Hispanics earned 8.2 percent of the engineering degrees conferred, up from 6.2 percent in 2007, again reflecting an underrepresentation in this area considered one of the best for job growth.
The Instructors
Diversity at the graduate level is not merely about the number of Hispanics enrolled or earning degrees, it also is about inclusion of Hispanics in the teaching ranks. That, too, has shown a steady increase since 2007, when only 6.7 percent of professors in business, engineering, law and medicine were Hispanic. Today, 8.9 percent are.
Law colleges have the highest percent of Hispanic professors, 11.6 percent, up from 8.2 percent in 2007. Medical schools come next with 9.4 percent of the teaching staff Hispanic, up from 7.1 percent in 2007, followed by business schools with 9.1 percent, up from 6.4 in 2007, and engineering with 5.1 percent, up from 4.4 percent in 2007.
Like student enrollment, the percentage of Hispanic faculty in engineering schools lags.
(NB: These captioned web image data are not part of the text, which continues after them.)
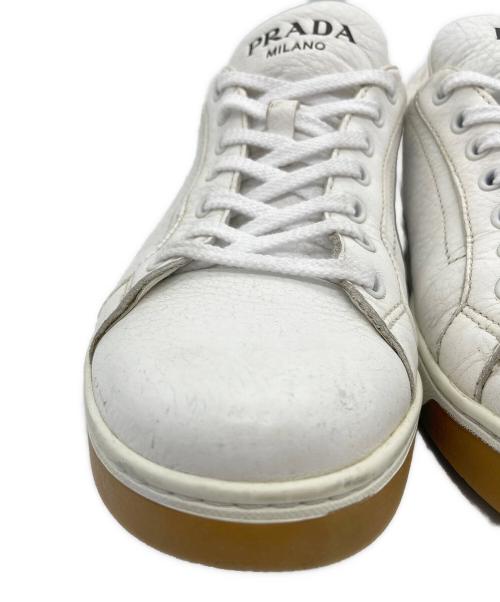PRADA（プラダ）PRADA (プラダ) ローカットスニーカー ホワイト サイズ:6の古着・服飾アイテム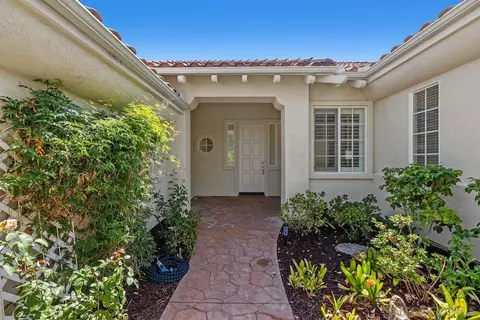 Exterior - 672 Inverlochy Dr, Fallbrook, CA 92028 photo 3 of 8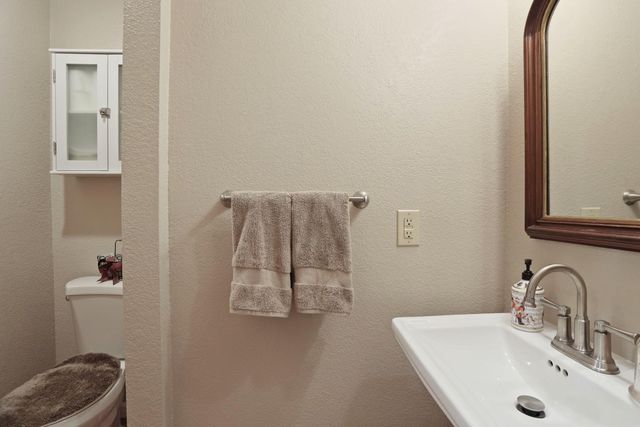 70 N Lower Sacramento Rd, Lodi, CA 95242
In fact, it is considerably less that the percent of enrolled Hispanics -- 5.1 percent, up only 0.7 percentage points from 2007.
Bridging the Gap
These are positive trends in diversity for the HispanicBusiness Best Schools, but in many cases, the percentage of Hispanics enrolled, receiving degrees or part of the faculty is well below the percentage of Hispanics in the general population. Efforts are under way on a number of fronts to increase the participation of Hispanics in higher education.
Programs such as the University of Texas at Austin's diversity fellowships for incoming students help offset the cost of postgraduate education. The program offers a $16,000, nine-month stipend, with health insurance assistance (currently $1,100) and tuition assistance (currently $3,784 per long semester.) About 100 of these fellowships are awarded annually.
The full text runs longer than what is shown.